◆ Work to be completed
Return the first line of the listing below and all the lines after it through the one containing "Puma Slip-on Sneakers", exactly, without pictures.

»»

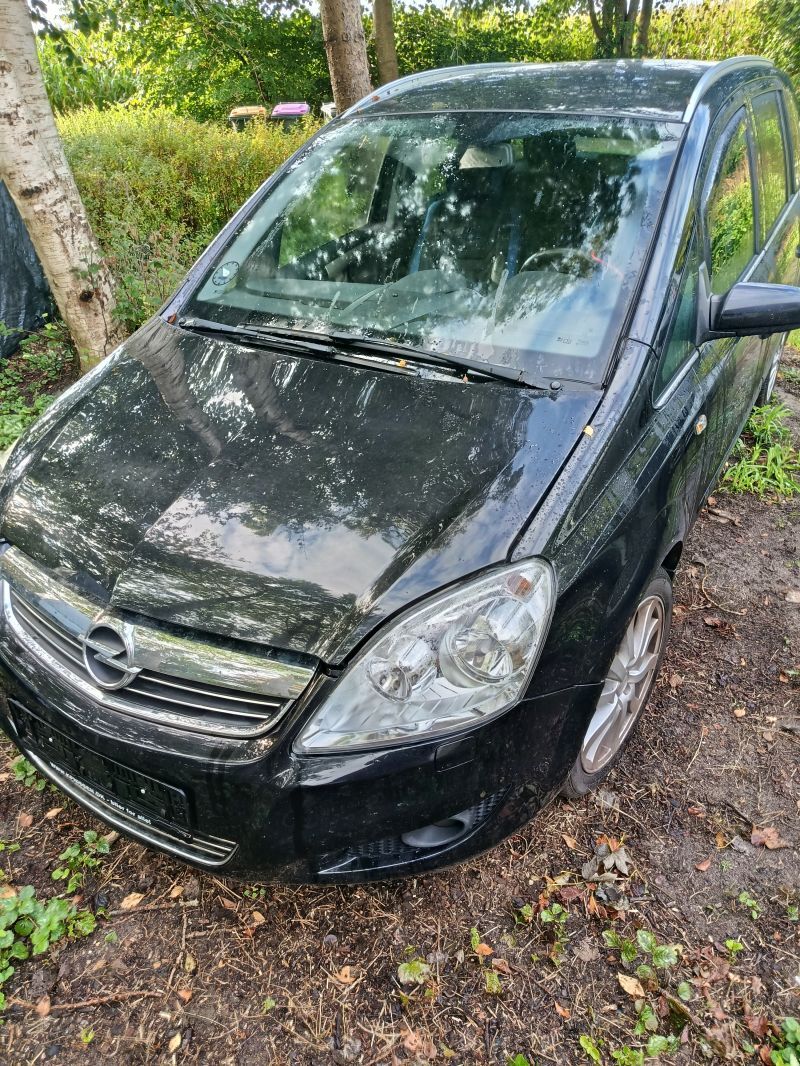 OPEL, ZAFIRA, 1,9 CDTI Skrotbil skrotpræmie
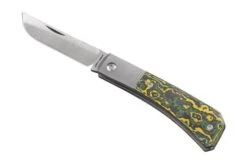 Jack Wolf Pioneer Jack PIONE-01-FC-TO Fat Carbon Toxic Storm, Slipjoint Pocket Knife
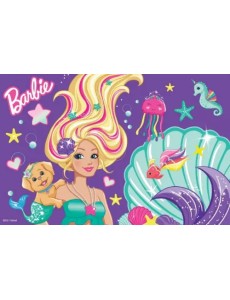 Картина по номерам. Barbie. Морское приключение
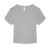 Dámske tričko Micro Rib Baby Tee - Bella+Canvas, farba - athletic heather, veľkosť - S
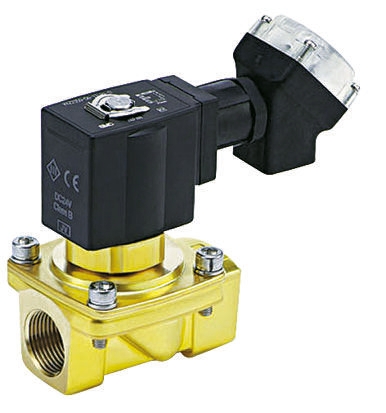 SMC Solenoid Valve VXEZ2230-02F-5DO1, 2 Port, NC, 24 V 1/4 in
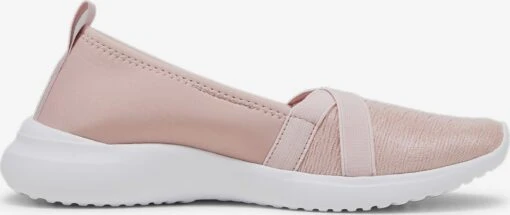 Puma Slip-on Sneakers Slip-on Adelina Dames Roze -Kledingwinkel 7a595089300269bd6dff58737cc5d819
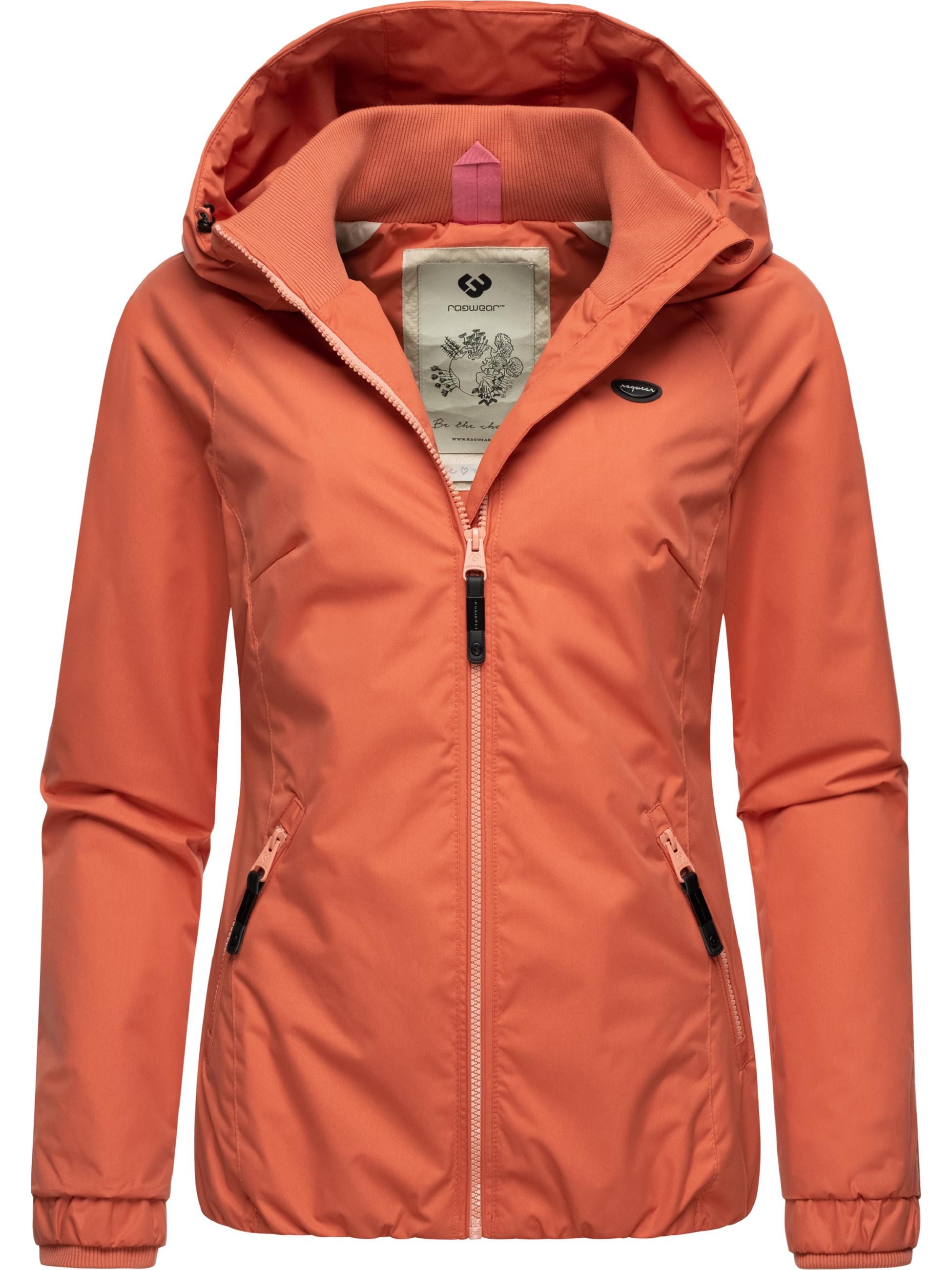 Ragwear Outdoorjacke »Übergangsjacke Dizzie«, mit Kapuze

««

◆ Exercise output
 OPEL, ZAFIRA, 1,9 CDTI Skrotbil skrotpræmie
 Jack Wolf Pioneer Jack PIONE-01-FC-TO Fat Carbon Toxic Storm, Slipjoint Pocket Knife
 Картина по номерам. Barbie. Морское приключение
 Dámske tričko Micro Rib Baby Tee - Bella+Canvas, farba - athletic heather, veľkosť - S
 SMC Solenoid Valve VXEZ2230-02F-5DO1, 2 Port, NC, 24 V 1/4 in
 Puma Slip-on Sneakers Slip-on Adelina Dames Roze -Kledingwinkel 7a595089300269bd6dff58737cc5d819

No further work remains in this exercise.